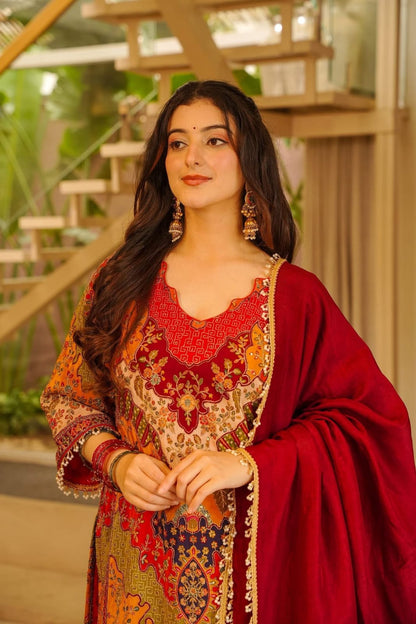 KALAMKARI CHINON SILK SHARARA SET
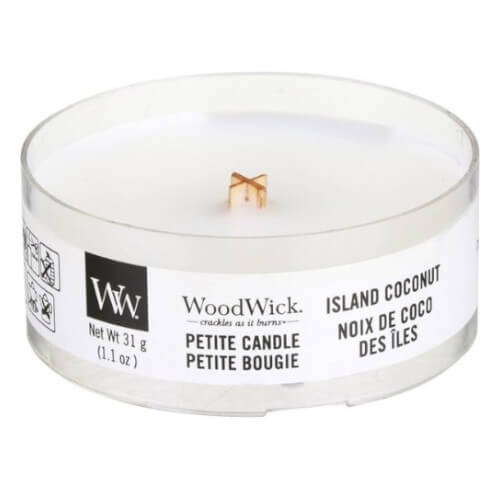 WoodWick Aromatická malá svíčka s dřevěným knotem Island Coconut 31 g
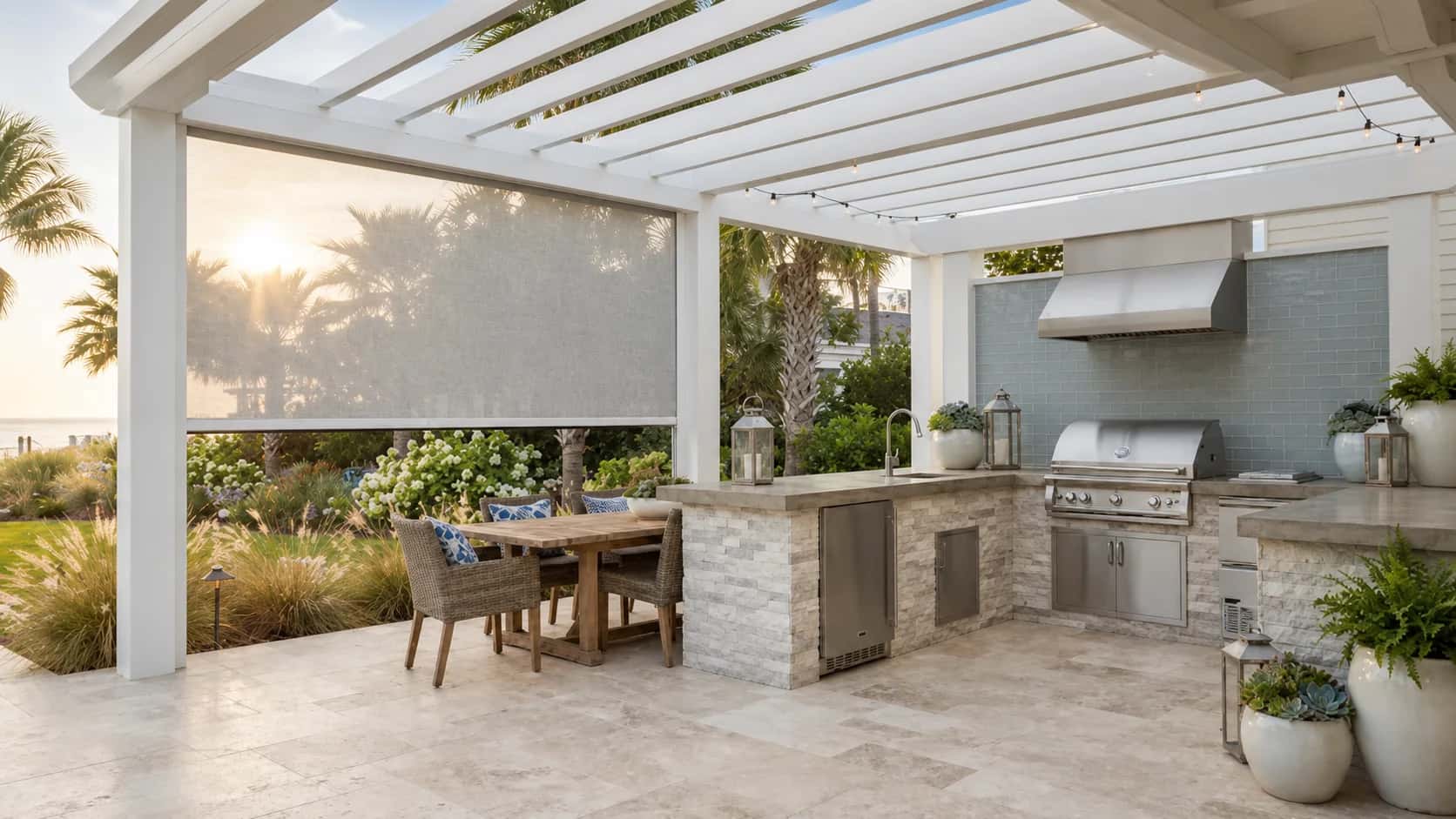 Elegant outdoor kitchen under a modern pergola with motorized screening for filtered shade.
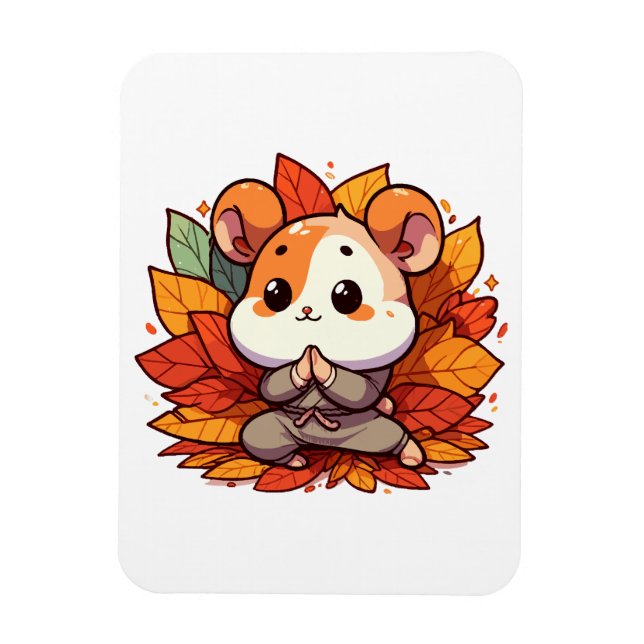 Ímã Ioga de hamster outono Kawaii (Vertical)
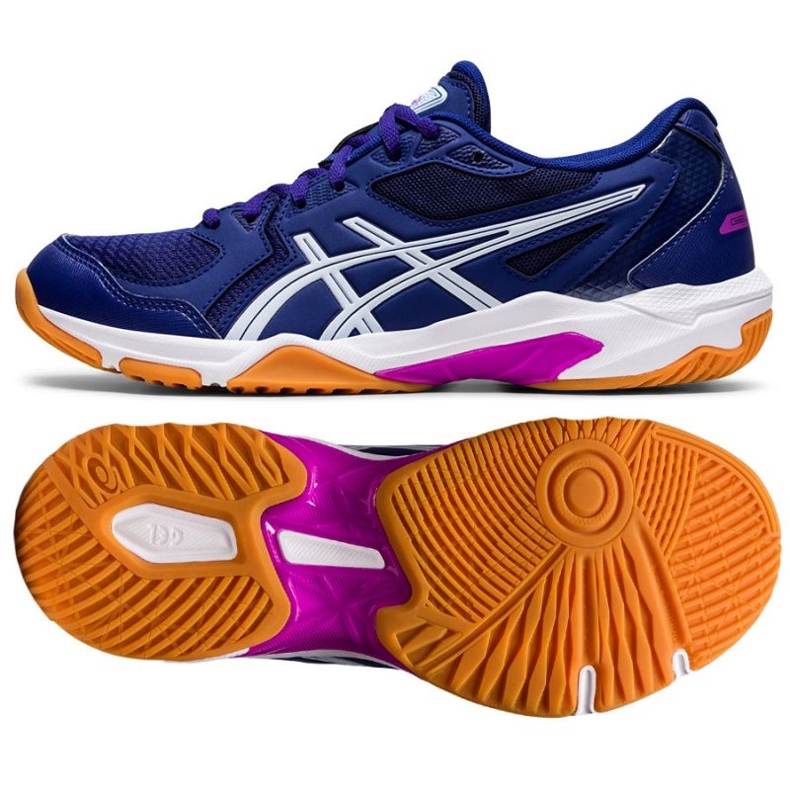 Asics Gel-Rocket 10 W 1072A056 405 lentopallokengät tummansininen bluesia ja laivastonsinisiä 1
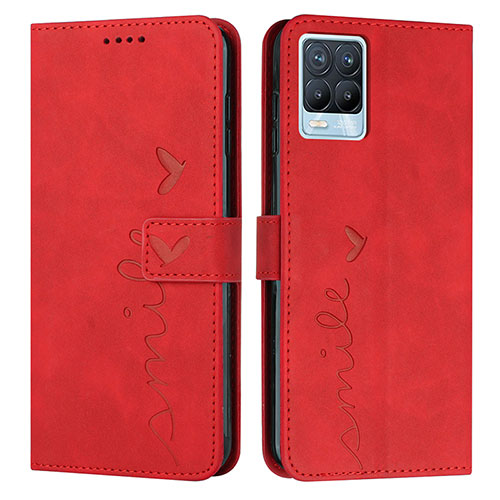 Leather Case Stands Flip Cover Holder Y03X for Realme 8 4G Red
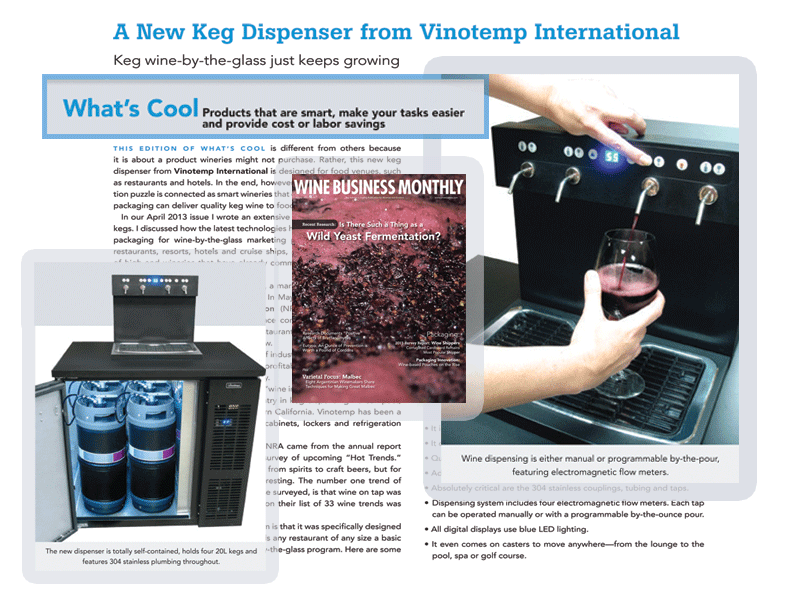 collage of wine dispensers and magazine cover with crushed grapes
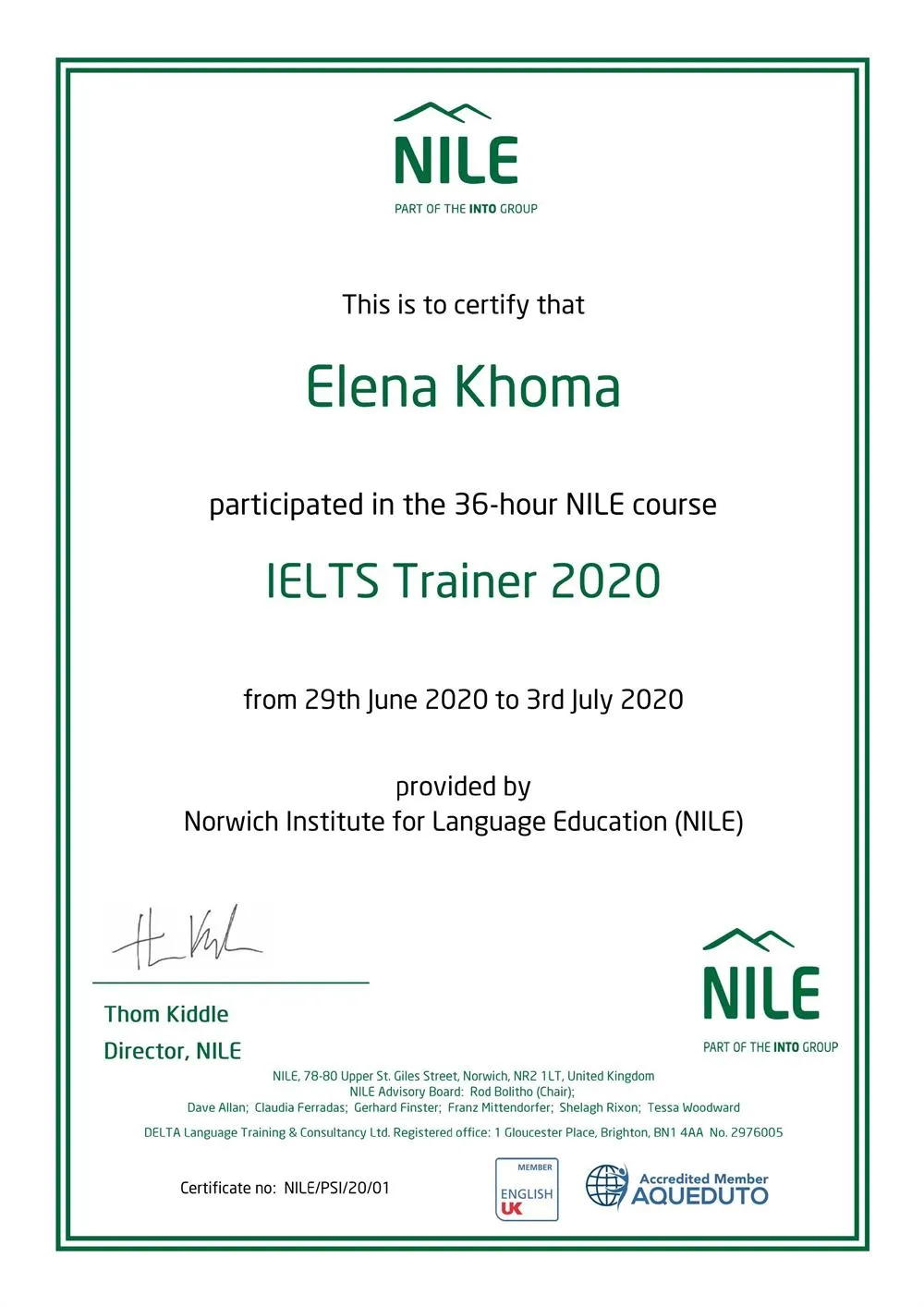 Сертификат IELTS Trainer (Norwich Institute)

WHAT IS EXPECTED:
Without the pictures, copy out each entry exactly as it stands.

PROBLEM SOLUTION:
 KALAMKARI CHINON SILK SHARARA SET
 WoodWick Aromatická malá svíčka s dřevěným knotem Island Coconut 31 g
 Elegant outdoor kitchen under a modern pergola with motorized screening for filtered shade.
 Ímã Ioga de hamster outono Kawaii (Vertical)
 Asics Gel-Rocket 10 W 1072A056 405 lentopallokengät tummansininen bluesia ja laivastonsinisiä 1
 Leather Case Stands Flip Cover Holder Y03X for Realme 8 4G Red
 collage of wine dispensers and magazine cover with crushed grapes
 Сертификат IELTS Trainer (Norwich Institute)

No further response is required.